A Korean saying says, “Words in the day are heard by birds and words at night, by rats.” It points out, I think, that there is no secret in the world. This is a thing that we have to keep in mind in doing evangelism also. I coined this wisdom as the Rule of Triangle. It warns us Christians of how we have to do as we do what we do to others.
In almost all occasions of life in the world, when one does something to the other, there is another who may be watching how the one does to the other. In other words, an interaction between two persons scarcely go without any witness of it. Simply saying, in almost all cases of real situations, at least three people are involved—one is the doer, the other is the receiver, and another is the witness.

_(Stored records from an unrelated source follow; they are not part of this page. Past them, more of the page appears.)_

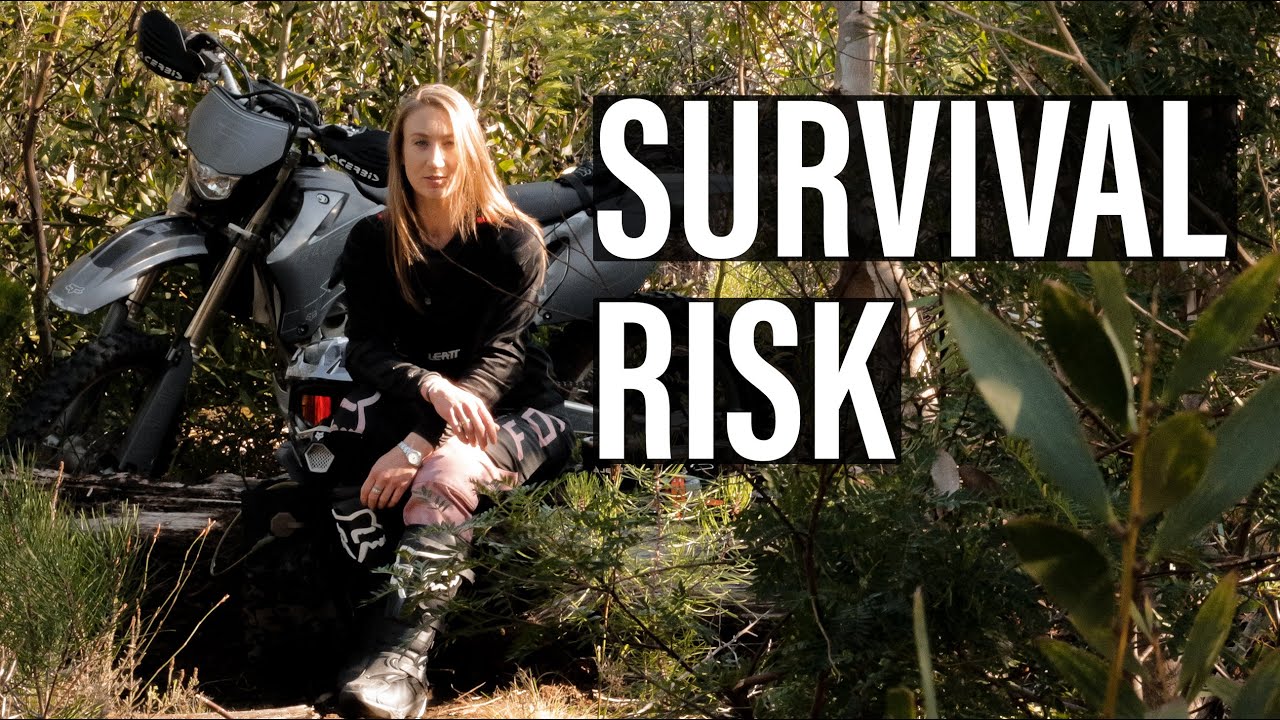 SURVIVAL RISK | How to mitigate risk in survival situations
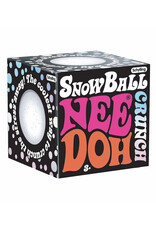 Snow Ball Crunch Nee Doh - 1 PER ORDER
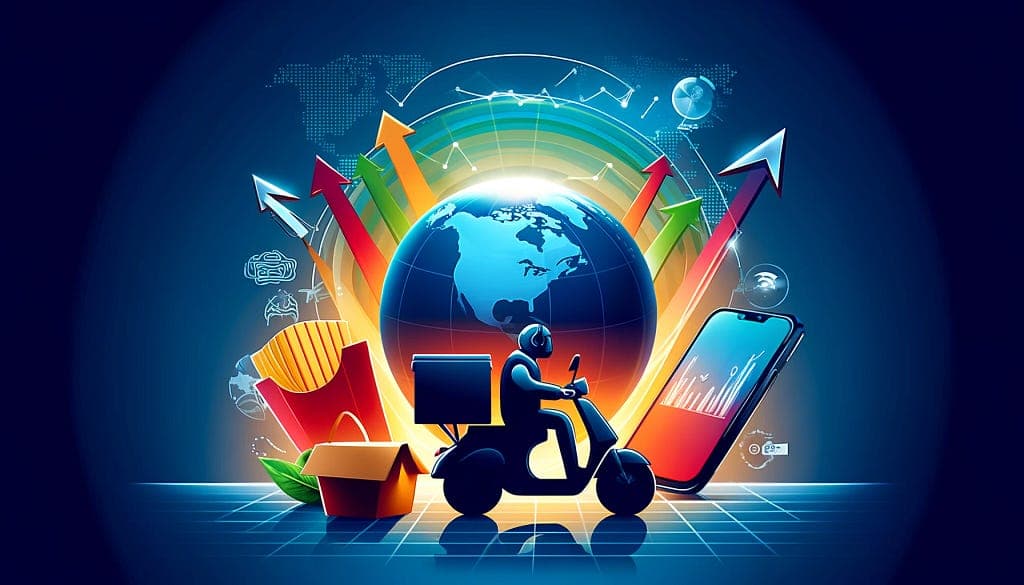 Bistroo: Revolutionizing the Food Delivery Industry with Decentralized Approach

Doing good to others is not always easy even when we are determined. It is true especially if the receiver of it is eccentric, dirty, too demanding, unappreciative of the good or even aggressive to the giver. The derogatory expression, the “bottomless basket,” points the receiver who is too demanding. How about a dirty homeless hurt and dying on a cold street? It may not be easy to give helping hands to him, especially if you were heading for an important meeting fully dressed up. How about being a close friend with a come-out gay of same sex with yours, helping him/her with the truth? Not easy, right? Aggressive people? Very common. As we give an advice to depart their sinful lives, many people become aggressive to us.
As doing good to others is not smooth and easy, what would you do? If your “the other” loses his temper, will you too? If he attacks you by anything, will you too? If he is too stubborn, will you just give him up? If he challenges you, will you get mad at him and do according to your flesh? At this point, the rule may whisper to your years, saying, “Somebody is watching you now!” For judgment, God is the “another” who is watching in secret (Matt. 6:2). However, for evangelism, that is, witnessing the gospel of Jesus, it is a person you may want to evangelize.
Keeping the rule in mind is so important for evangelism. The truer is it, the tougher is your “the other”. It is because the “another” will see your heart, intention, and your spirit in which you are doing the thing to “the other”. As he sees that your heart is holy and righteous in dealing with your tough “the other”, he will eventually glorify God, who is working in you. Sometimes your “the other” could be one, who cannot become a Christian, such as an final stage Alzheimer, yet how you do to him is your evangelism to the “another” of the case—your neighbors, the Alzheimer’s doctor or nurses, or even your children. So, assume that you and your “the other” are not alone in any situation. You have “another” for evangelism, if not, God for judgment. You are almost always at one angle of the triangle.